Input material below:

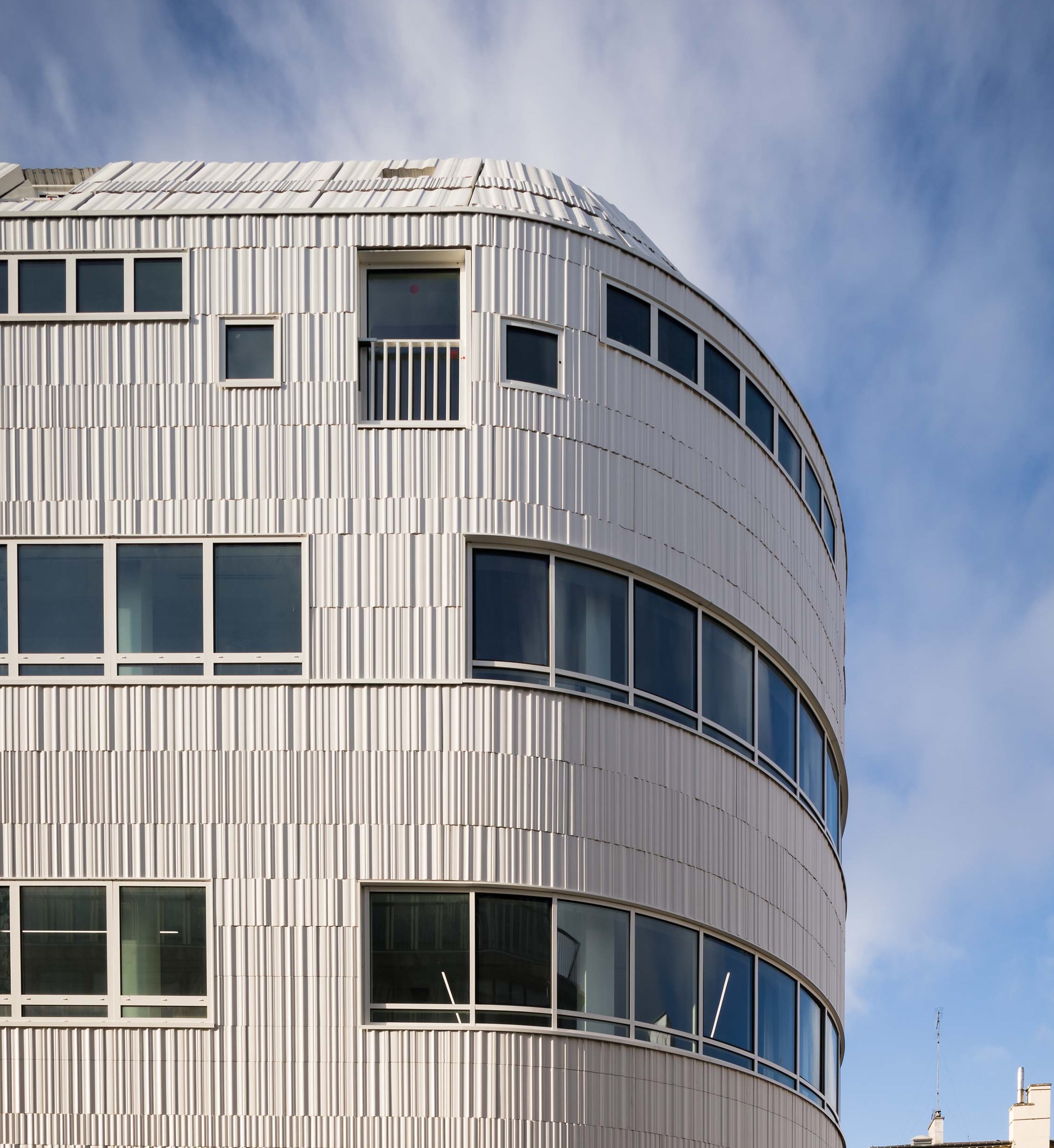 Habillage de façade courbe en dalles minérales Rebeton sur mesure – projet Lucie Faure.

End of Input material.
Input material below:

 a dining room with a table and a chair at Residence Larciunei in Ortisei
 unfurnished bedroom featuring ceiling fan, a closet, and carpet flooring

End of Input material.
Input material below:

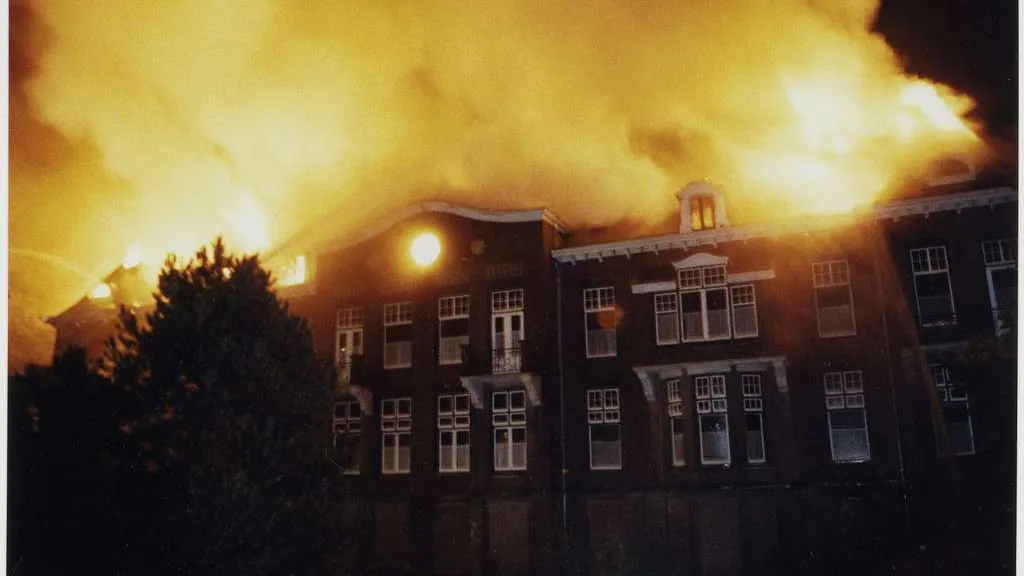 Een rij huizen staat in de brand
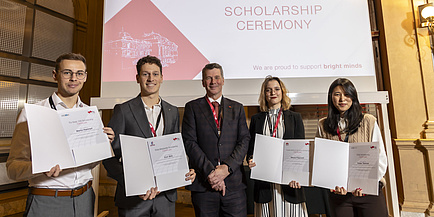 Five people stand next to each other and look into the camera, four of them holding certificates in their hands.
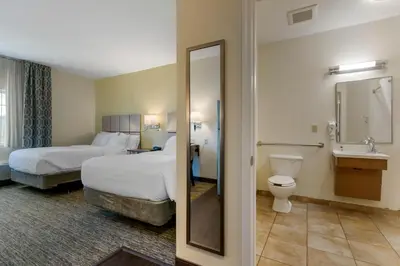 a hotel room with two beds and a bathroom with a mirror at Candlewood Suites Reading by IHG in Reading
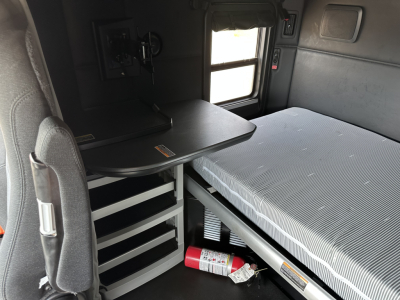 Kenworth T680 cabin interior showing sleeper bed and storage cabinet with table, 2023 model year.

End of Input material.

Exercise brief:
Exact repeat of the material above: every line from the one with "Een rij huizen staat in de brand" through the one with "a hotel room", endpoints included, and nothing more. No pictures.

Exercise output:
 Een rij huizen staat in de brand
 Five people stand next to each other and look into the camera, four of them holding certificates in their hands.
 a hotel room with two beds and a bathroom with a mirror at Candlewood Suites Reading by IHG in Reading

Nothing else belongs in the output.